La scène la plus triste que j’ai vue de ma vie
Dans un hangar sur le quai de Port-aux-Basques, les 34 corps repêchés ont été lavés et habillés. Ceux des membres de l’équipage du S.S. Caribou reposaient par ordre de rang, avec le capitaine Ben Taverner en premier. Entre les corps du troisième officier Harold Taverner et celui du chauffeur Arthur Thomas, se trouvait celui du deuxième mécanicien, Thomas Moyst.
Présent pour identifier les victimes, Herb Moyst a confirmé ce que tout le monde savait déjà : son père en faisait partie. Il a raconté que cette journée-là, au lieu de célébrer l’anniversaire et la retraite de son père, il regardait « des médecins donner des calmants à des femmes pleurant la perte de leur mari ou de leur fils ». Les communautés de Channel et de Port-aux-Basques comptaient 21 nouvelles veuves et 51 nouveaux orphelins.

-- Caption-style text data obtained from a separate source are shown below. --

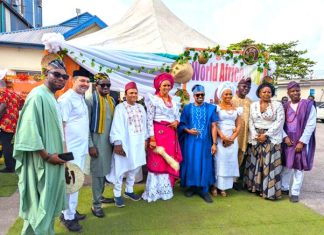Africa Day 2025: Olam Agri Celebrates Roots, Showcases Impressive Workplace Diversity Africa Day 2025: Olam Agri Celebrates Roots, Showcases Impressive Workplace Diversity-marketingspace.com.ng
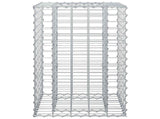 Gabion Raised Bed Silver 42033326
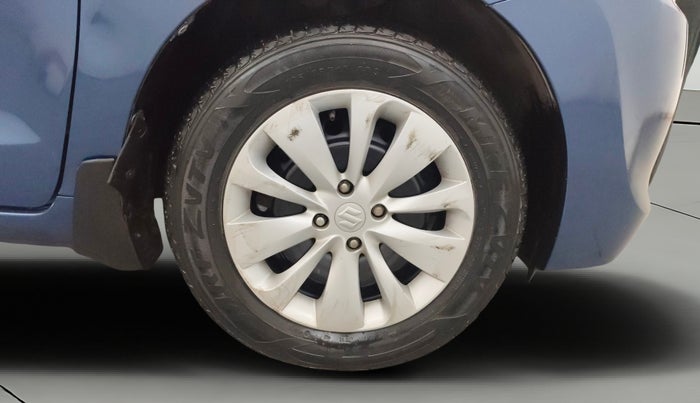 2018 Maruti Baleno DELTA CVT PETROL 1.2, Petrol, Automatic, 21,349 km, Right Front Wheel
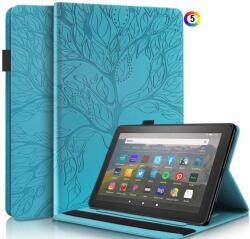 Amazon Kindle Fire HD 10 2023 Кожен Калъф и Протектор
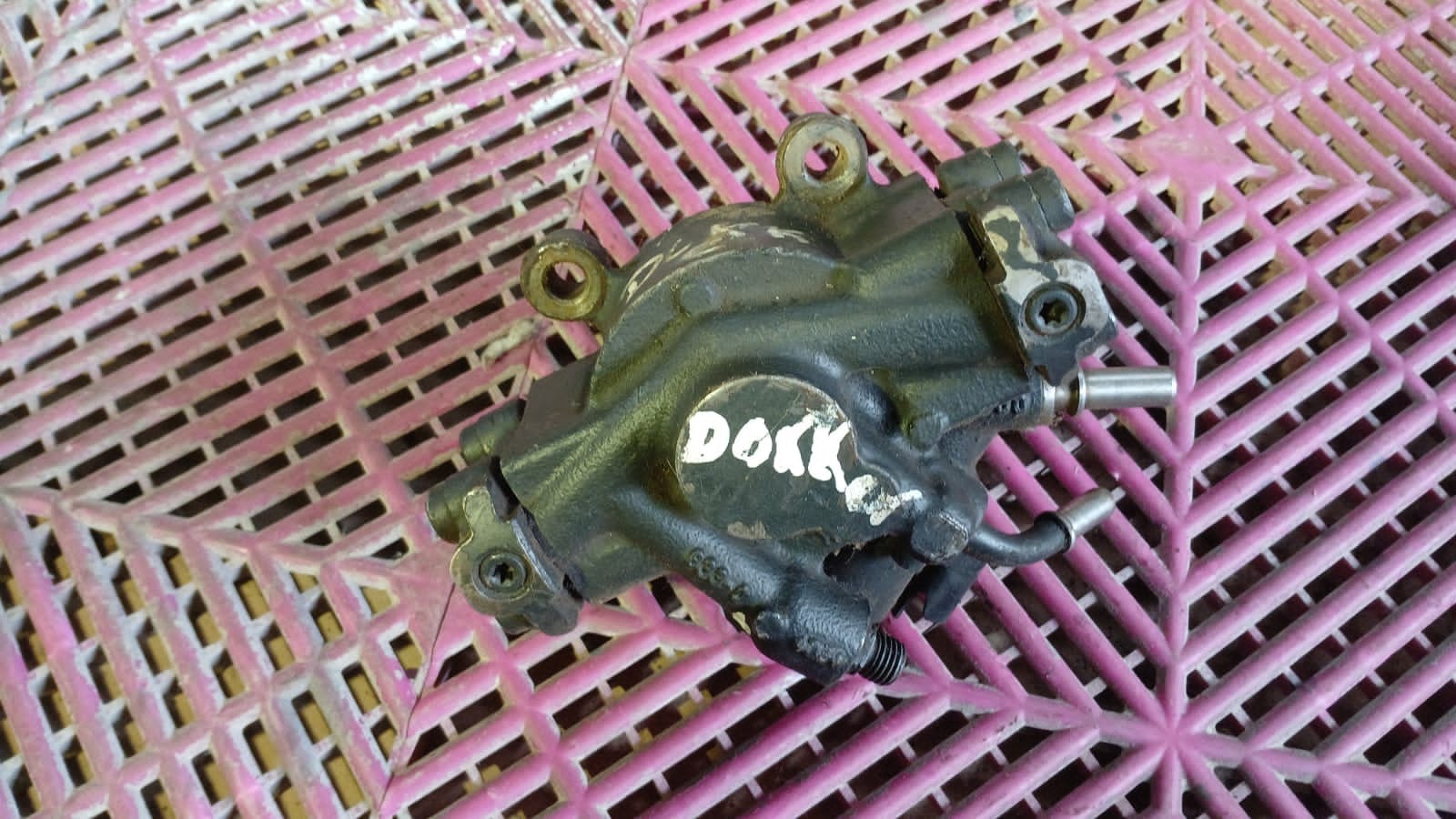 Bomba Inyectora Renault Dokker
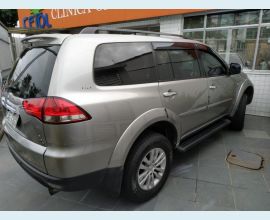 Veículo: PAJERO DAKAR 3.2 (Listagem)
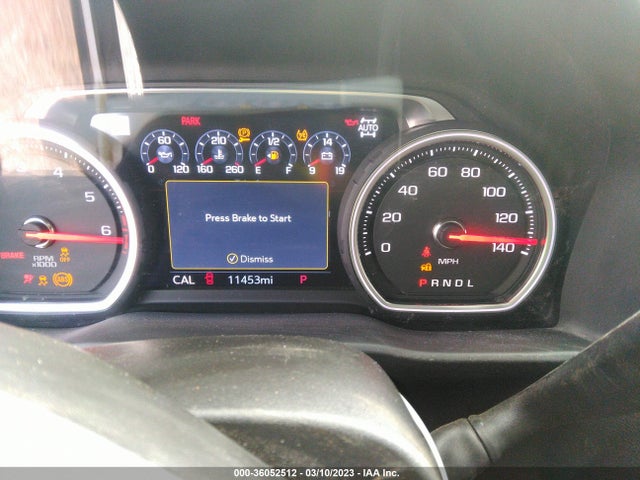 Aukcja sprzedaży 2023 Chevrolet Silverado 2500hd High Country, vin: 1GC4YRE73PF104459, numer aukcji: 36052512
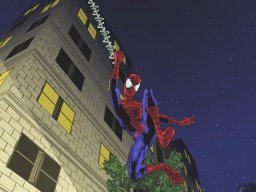 Ultimate Spider-Man (XBX)   © Activision 2005    3/3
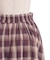 チェック柄レースフリルＳＫ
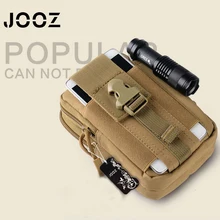 JOOZ Waist Belt Bag Wallet Pouch Purse Phone Case with Zipper Waist Belt Bag For Waist Belt Bag Women Men 7 Mode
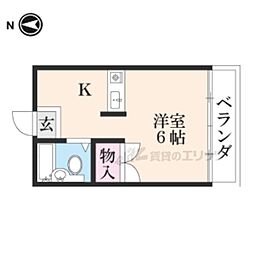 🉐敷金礼金0円！🉐阪急京都本線 東向日駅 徒歩8分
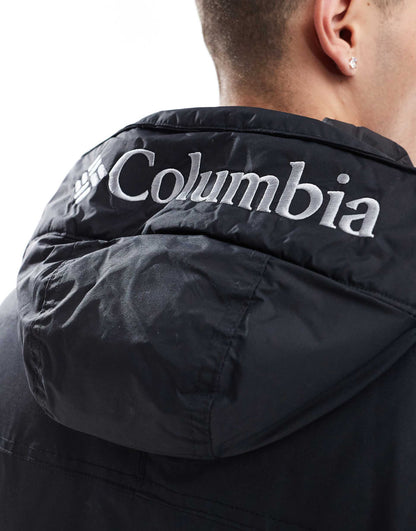 Challenger Ii Insulated Pullover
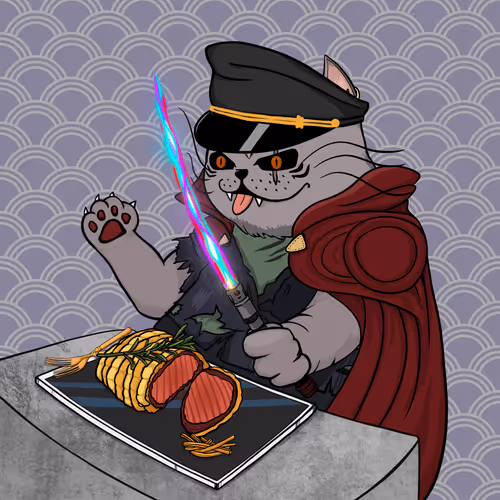 Sushicatsnft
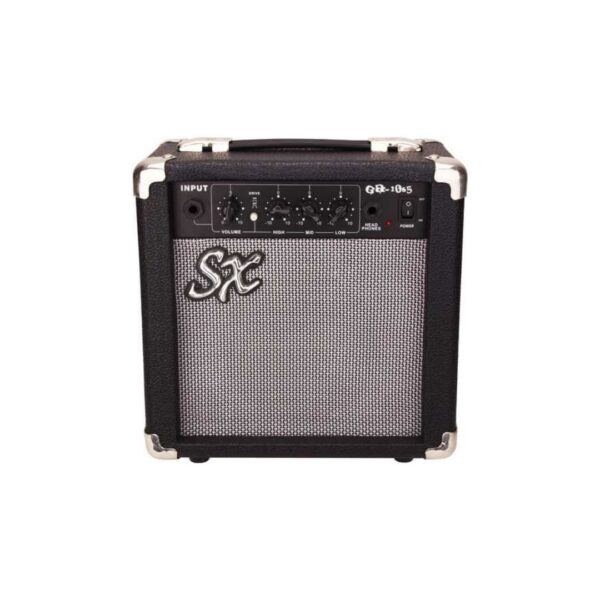 SX SE1 SK CAR Elektro Gitar Seti - Görsel 4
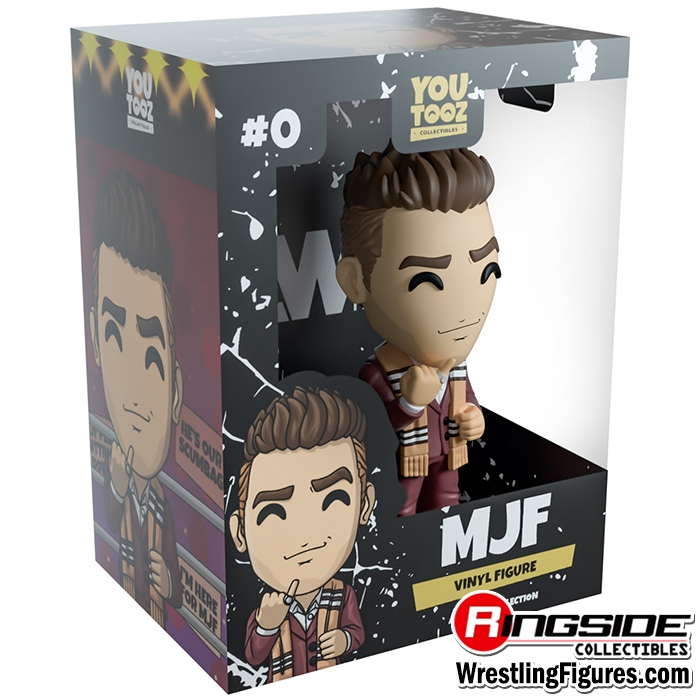 YouTooz 4.5" AEW Figures MJF
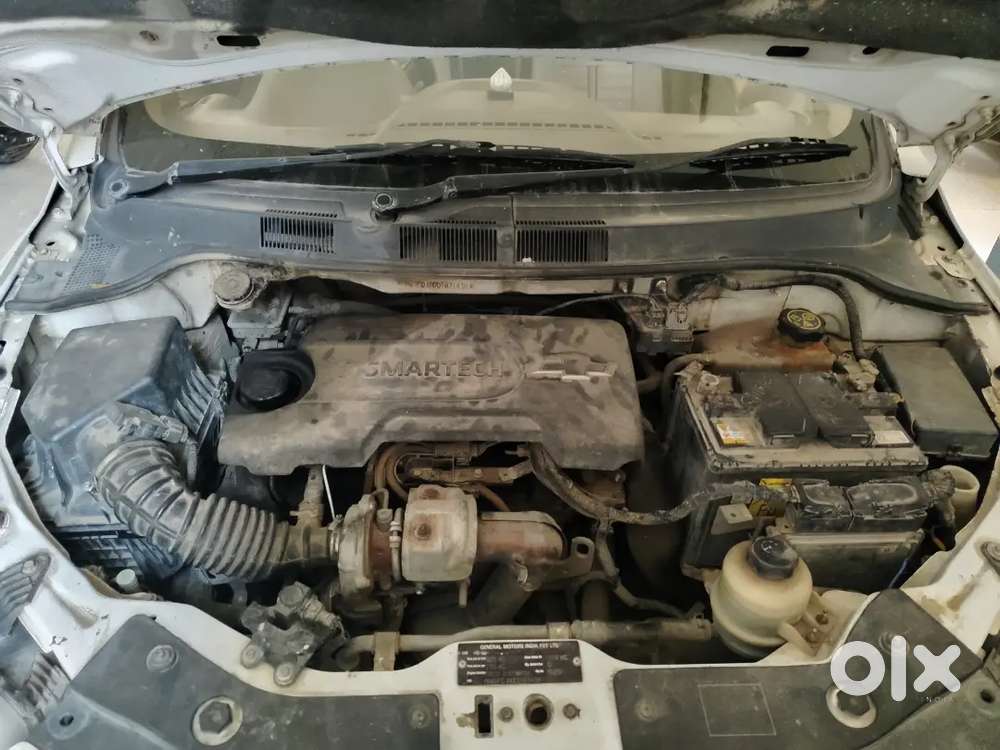 Chevrolet Sail Ls 2013 Manual Diesel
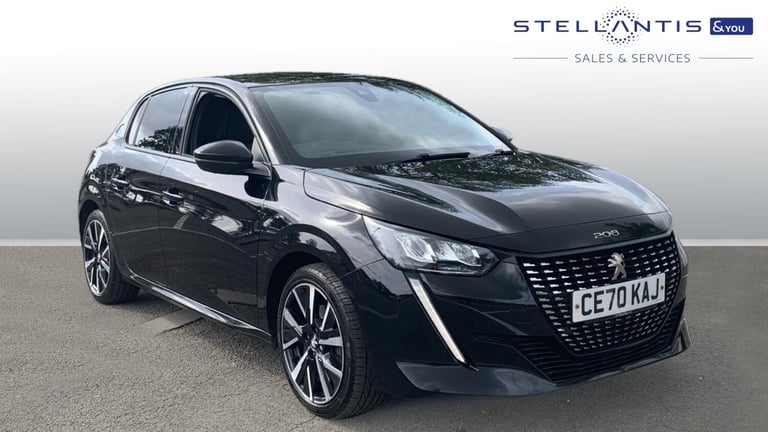 image for 2020 Peugeot 208 1.2 PureTech Allure Premium Hatchback 5dr Petrol Manual Euro 6 (s/s) (100 p Hatc...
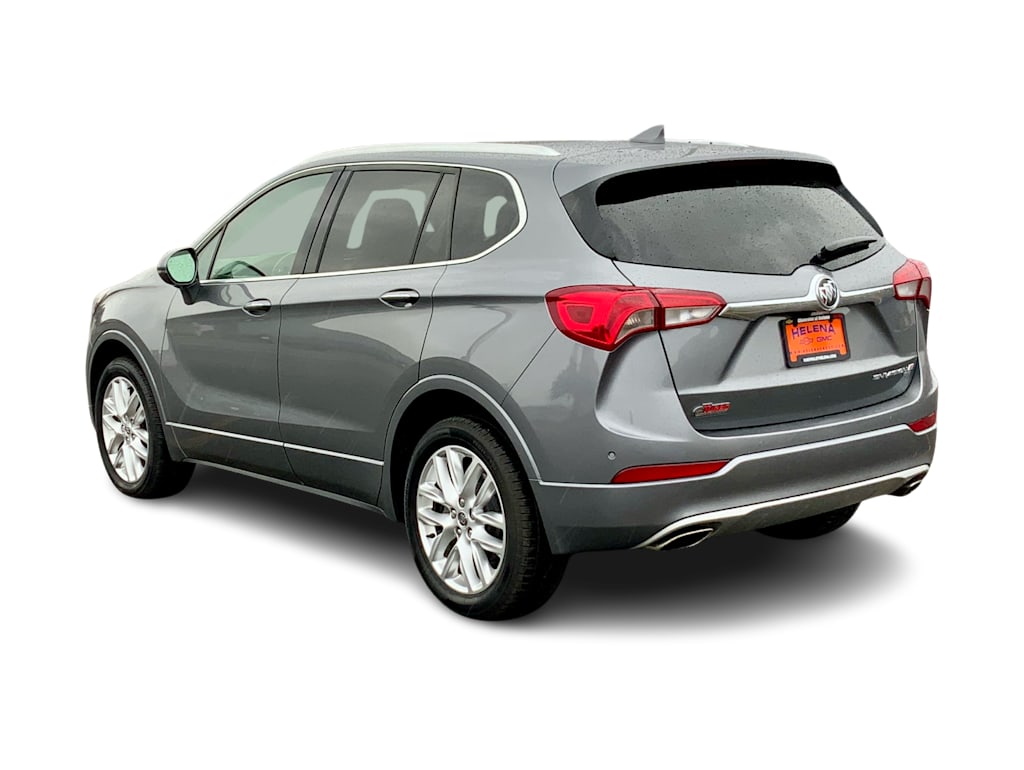 Thumbnail: 2019 Buick Envision - 4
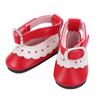 DIY 4.5cm Length Doll Shoes 4.5cm Length 1/6 Scale Mini Sneakers  Blythe Doll Toy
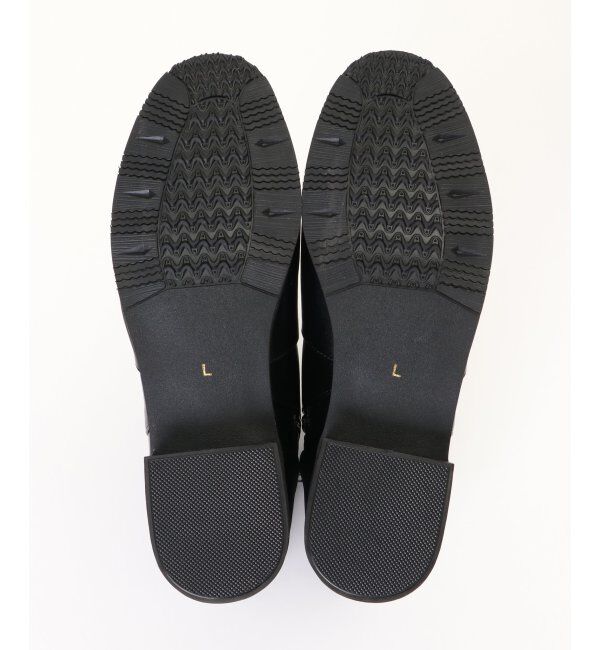 ikka「ロングジョッキーブーツ」|その他|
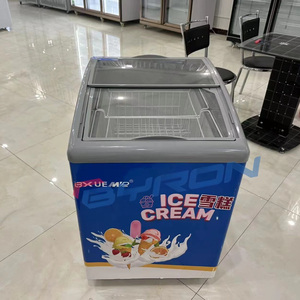 Mini <span class=keywords><strong>congelador</strong></span> portátil para helados, <span class=keywords><strong>congelador</strong></span> para helados, cajón para <span class=keywords><strong>congelador</strong></span> de helados - Product Image 4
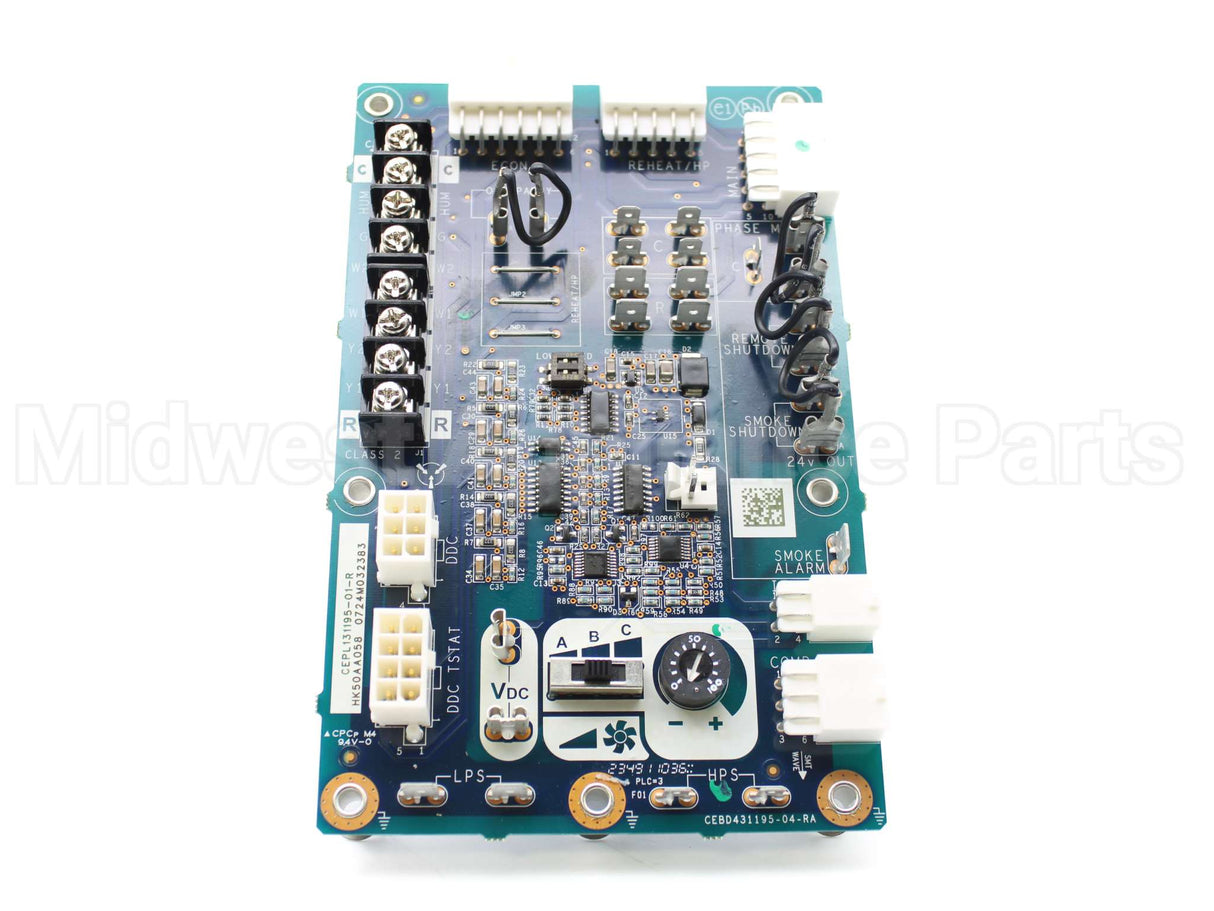 HK50AA058 Carrier Control Board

Mary Keeping, de Channel, a tenté sans succès d’identifier Abigail, l’enfant de Gertie Strickland, et son bébé Vera parmi les corps des enfants retrouvés. Le lendemain, l’oncle d’Abigail, Bert Strickland, a reconnu le corps de la petite Abigail et il l’a ramené avec lui à Rose Blanche. Un mois plus tard, le corps de bébé Vera, jusque-là non identifié, a été rendu à son père William. Elle a été enterrée à Rose Blanche, localité de naissance de ses parents.
Vingt-six des corps retrouvés n’ont pu être identifiés sur-le-champ. Ils ont été transportés par train à St. John’s dans des cercueils fabriqués par des gens des communautés de Channel et de Port-aux-Basques.
Un des survivants du naufrage, le cuisinier du S.S. Caribou Harold Janes, n’était pas encore remis de ses blessures quand il est revenu chez lui, à Port-aux-Basques. Il a regardé défiler de sa fenêtre le cortège funèbre long d’un kilomètre. « C’est la scène la plus triste que j’ai vue de ma vie », a-t-il confié.